METHOD OF MANUFACTURING MAGNESIUM DIBORIDE SUPERCONDUCTING THIN FILM WIRE AND MAGNESIUM DIBORIDE SUPERCONDUCTING THIN FILM WIRE

Abstract

A method of manufacturing an MgB2 thin film wire having an optimum average grain size is done by providing an optimum average grain size range to increase a pinning force and improve Jc with respect to the MgB2 thin film wire. In this method, the MgB2 thin film wire is made of an aggregate of MgB2 grains having a columnar structure which alignment is controlled to be in a direction perpendicular to a surface, a ratio of MgB2 to a total volume of the thin film wire is 90% or more, an average grain size of the grains is 30 nm or more and 200 nm or less by forming the MgB2 thin film having a film thickness of 1000 nm or more and 10000 nm or less in the lateral direction, and the average grain size of the grains is 40 nm or more and 100 nm or less.

Claims

1.-9. (canceled)

10. An MgB.sub.2 thin film wire which is made of an aggregate of MgB.sub.2 grains having a columnar structure of which alignment is controlled to be in a direction perpendicular to a surface of a substrate, wherein a grain boundary interval formed by the MgB.sub.2 grains is eight times or more of a coherence length, wherein a thin film of the MgB.sub.2 thin film wire is 1000 nm or more and 10000 nm or less, and wherein an average grain size of the MgB.sub.2 grains is 30 nm or more and 200 nm or less.
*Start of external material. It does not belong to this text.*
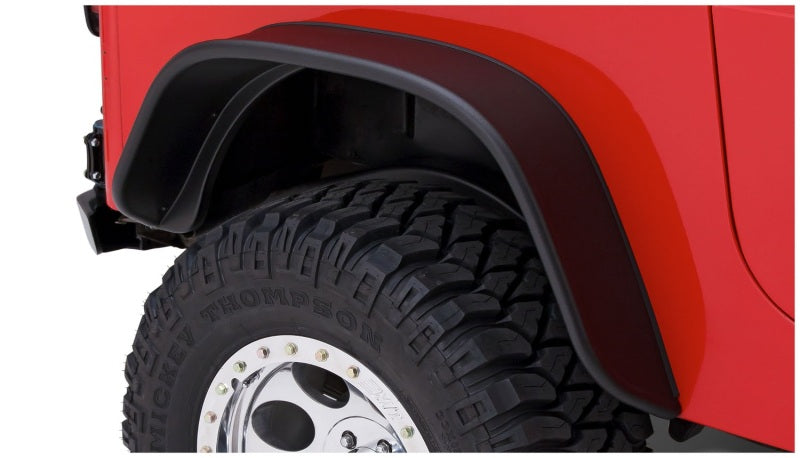 1987-1995 Wrangler Flat Style Flares 4pc Excludes Renegade - Black | Dirty Garage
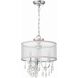 Hampton 3 Light 14 inch Polished Chrome Mini Chandelier Ceiling Light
11. The MgB.sub.2 thin film wire according to claim 1, wherein the average grain size of the MgB.sub.2 grains is 40 nm or more and 100 nm or less.

12. A method of manufacturing an MgB.sub.2 thin film wire which is made of an aggregate of MgB.sub.2 grains having a columnar structure of which alignment is controlled to be in a direction perpendicular to a surface of a substrate, comprising: forming a film of Mg and B on the substrate by deposition or sputtering, wherein a grain boundary interval formed by the MgB.sub.2 grains is set to be eight times or more of a coherence length, wherein a thin film of the MgB.sub.2 thin film wire is set to be 1000 nm or more and 10000 nm or less, and wherein an average grain size of the MgB.sub.2 grains is set to be 30 nm or more and 200 nm or less.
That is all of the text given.